12.4 The Classical Linear Model
Comparing the Large Sample Model and the CLM
12.4.1 Part 1
- We say that in small samples, more needs be true of our data for OLS regression to “work.”
- What do we mean when we say “work”?
- If our goals are descriptive, how is a “working” estimator useful?
- If our goals are explanatory, how is a “working” estimator useful?
- If our goals are predictive, are the requirements the same?
- What do we mean when we say “work”?
12.4.2 Part 2
- Suppose that you’re interested in understanding how subsidized school meals benefit under-resourced students in San Francisco East Bay region.
- Using the tools from DATASCI 201, refine this question to a data science question.
- Suppose that there exists two possible data sources to answer the question you have formed:
- A large amount (e.g. 10,000 data points) of individual-level data about income, nutrition and test scores, self-reported by individual families who have opted in to the study.

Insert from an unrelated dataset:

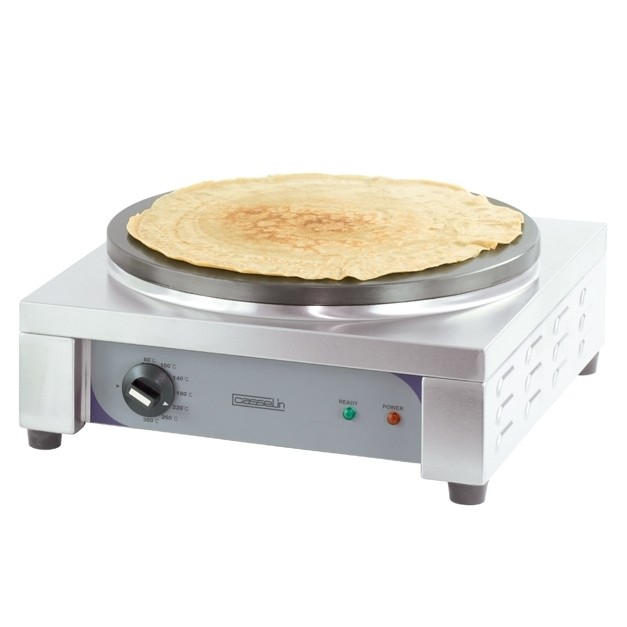 Crêpière éléctrique professionnelle carrée 40 cm Casselin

- A relatively smaller amount (e.g. 500 data points) of Government data about school district characteristics, including district-level college achievement; county-level home prices, and state-level tax receipts.
- A large amount (e.g. 10,000 data points) of individual-level data about income, nutrition and test scores, self-reported by individual families who have opted in to the study.
- What are the tradeoffs to using one or the other data source?
12.4.3 Part 3
- Suppose you elect to use the relatively larger sample of individual-level data.
- Which of the large-sample assumptions do you expect are valid, and which are problematic?
- Or, suppose that you elect to use the relatively smaller sample of school-district-level data.
- Which of the CLM assumptions do you expect are valid, and which do you expect are most problematic?
- What was the research question that you identified?
- What would a successful answer accomplish?
12.4.4 Part 4
- Which data source, the individual or the district-level, do you think is more likely to produce a successful answer?
12.4.5 Part 5
Problems with the CLM Requirements
There are five requirements for the CLM
- IID Sampling
- Linear Conditional Expectation
- No Perfect Collinearity
- Homoskedastic Errors
- Normally Distributed Errors
For each of these requirements:
- Identify one concrete way that the data might not satisfy the requirement.
- Identify what the consequence of failing to satisfy the requirement would be.
- Identify a path forward to satisfy the requirement.